§ Task prompt: With nothing left out, repeat every entry exactly.
━━━━━ Record excerpts ━━━━━
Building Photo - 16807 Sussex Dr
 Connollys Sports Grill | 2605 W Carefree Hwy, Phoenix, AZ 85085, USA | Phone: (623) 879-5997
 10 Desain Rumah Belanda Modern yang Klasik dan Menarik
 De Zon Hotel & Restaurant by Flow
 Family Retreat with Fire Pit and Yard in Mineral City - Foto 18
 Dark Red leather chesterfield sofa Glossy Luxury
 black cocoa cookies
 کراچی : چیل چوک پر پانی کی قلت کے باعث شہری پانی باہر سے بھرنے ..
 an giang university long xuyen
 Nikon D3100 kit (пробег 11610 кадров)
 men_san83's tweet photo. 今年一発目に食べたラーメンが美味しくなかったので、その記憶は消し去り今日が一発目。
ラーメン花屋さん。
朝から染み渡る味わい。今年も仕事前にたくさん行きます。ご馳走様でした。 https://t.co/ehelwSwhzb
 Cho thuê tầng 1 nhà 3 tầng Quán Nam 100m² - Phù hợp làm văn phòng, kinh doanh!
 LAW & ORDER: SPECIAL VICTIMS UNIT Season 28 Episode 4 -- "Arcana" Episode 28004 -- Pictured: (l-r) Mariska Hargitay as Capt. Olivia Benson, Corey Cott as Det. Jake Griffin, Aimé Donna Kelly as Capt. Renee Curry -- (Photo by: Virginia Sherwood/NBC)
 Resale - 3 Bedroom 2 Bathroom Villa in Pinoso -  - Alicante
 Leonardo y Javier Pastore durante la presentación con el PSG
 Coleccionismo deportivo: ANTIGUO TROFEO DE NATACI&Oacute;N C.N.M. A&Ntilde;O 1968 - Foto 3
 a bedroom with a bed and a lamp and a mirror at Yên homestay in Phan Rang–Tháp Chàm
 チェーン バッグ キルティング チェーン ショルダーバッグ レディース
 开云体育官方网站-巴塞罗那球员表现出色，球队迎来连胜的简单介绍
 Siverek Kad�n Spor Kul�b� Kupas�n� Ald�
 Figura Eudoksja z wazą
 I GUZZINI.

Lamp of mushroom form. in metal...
━━━━━
§ Written answer:
Building Photo - 16807 Sussex Dr
 Connollys Sports Grill | 2605 W Carefree Hwy, Phoenix, AZ 85085, USA | Phone: (623) 879-5997
 10 Desain Rumah Belanda Modern yang Klasik dan Menarik
 De Zon Hotel & Restaurant by Flow
 Family Retreat with Fire Pit and Yard in Mineral City - Foto 18
 Dark Red leather chesterfield sofa Glossy Luxury
 black cocoa cookies
 کراچی : چیل چوک پر پانی کی قلت کے باعث شہری پانی باہر سے بھرنے ..
 an giang university long xuyen
 Nikon D3100 kit (пробег 11610 кадров)
 men_san83's tweet photo. 今年一発目に食べたラーメンが美味しくなかったので、その記憶は消し去り今日が一発目。
ラーメン花屋さん。
朝から染み渡る味わい。今年も仕事前にたくさん行きます。ご馳走様でした。 https://t.co/ehelwSwhzb
 Cho thuê tầng 1 nhà 3 tầng Quán Nam 100m² - Phù hợp làm văn phòng, kinh doanh!
 LAW & ORDER: SPECIAL VICTIMS UNIT Season 28 Episode 4 -- "Arcana" Episode 28004 -- Pictured: (l-r) Mariska Hargitay as Capt. Olivia Benson, Corey Cott as Det. Jake Griffin, Aimé Donna Kelly as Capt. Renee Curry -- (Photo by: Virginia Sherwood/NBC)
 Resale - 3 Bedroom 2 Bathroom Villa in Pinoso -  - Alicante
 Leonardo y Javier Pastore durante la presentación con el PSG
 Coleccionismo deportivo: ANTIGUO TROFEO DE NATACI&Oacute;N C.N.M. A&Ntilde;O 1968 - Foto 3
 a bedroom with a bed and a lamp and a mirror at Yên homestay in Phan Rang–Tháp Chàm
 チェーン バッグ キルティング チェーン ショルダーバッグ レディース
 开云体育官方网站-巴塞罗那球员表现出色，球队迎来连胜的简单介绍
 Siverek Kad�n Spor Kul�b� Kupas�n� Ald�
 Figura Eudoksja z wazą
 I GUZZINI.

Lamp of mushroom form. in metal...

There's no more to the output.